Playing Scrooge, Glenn McGivern allows himself to be pulled, pushed, jumped on and even slapped as the ghosts wrestle with his conscience. And while the experiences may briefly cause Scrooge to ponder, Glenn snaps the character back to its stingy self and buckles down for the next visitation. Towards the end, there’s even a bit of gentle improv with the audience.
The obedient yet under-appreciated Bob Cratchit is played by Marina Hampton who also makes quite an entrance as Marley’s Ghost. Hampton provides a lot of the on-stage humour, reacting to Scrooge’s never-ending demands with clownlike gestures, and later gives life to the diminutive Tiny Tim puppet.

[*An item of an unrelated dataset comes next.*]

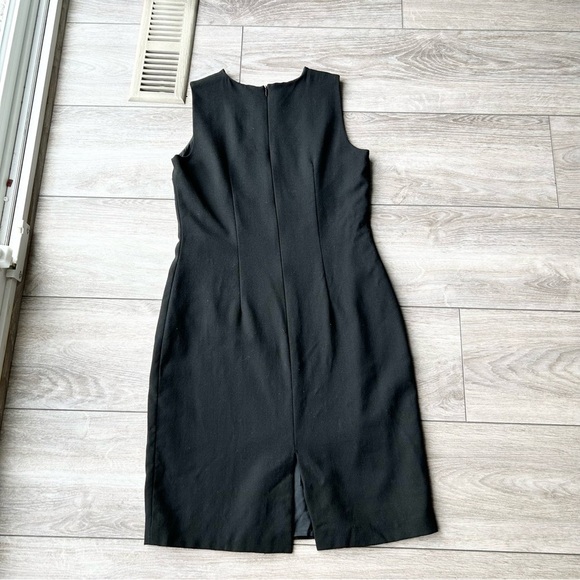 Vintage Louben Pure  Wool Sleeveless Sheath Dress - Picture 9 of 11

As Ghost of Christmas Past, Annina Watton cajoles Scrooge through witnessing the big moments in his life so far. After the interval, a rather sassy Ghost of Christmas Present sashays across the stage – a feather boa could quite naturally replace the rope! – as Christine Clark is well able to crank up the comedy. Soon it’s the turn of the faceless and demonic Ghost of Christmas Yet to Come with Declan King also playing Scrooge’s nephew Frederick.
This adaptation of A Christmas Carol is a pretty shouty piece, with lots and lots of banging and screeching, before calm descends for the show’s most tender moment as Bob Cratchit reads a bedtime story to his beloved son. Having been implored to “change while there’s still time” before resisting the ghosts’ revelations, Scrooge’s eventual redemption happens nearly instantaneously, an all-too-sudden attitudinal handbrake turn amid the play-within-a-play twist.
The Bright Umbrella cast under Trevor Gill’s direction has really got to grips with the irreverent script and delivers an entertaining and fast-paced, festive frolic. If anything, the levity in Barlow’s writing might require even more accentuated accent changes and flouncing around the stage, more flinging of snow, deliberate bumbling of props, eyebrow raising, and knowing nods to the heightened emotion and madcap action.
While the venue’s power problems on the night I reviewed denied the production many of the sound effects and all of the lighting changes that the company had planned, the show did go on and it didn’t feel like the performance was second class or that the audience had missed out.
A Christmas Carol continues at the friendly Sanctuary Theatre (on the junction of Castlereagh Street and the Albertbridge Road) until 3 January with matinee and evening performances.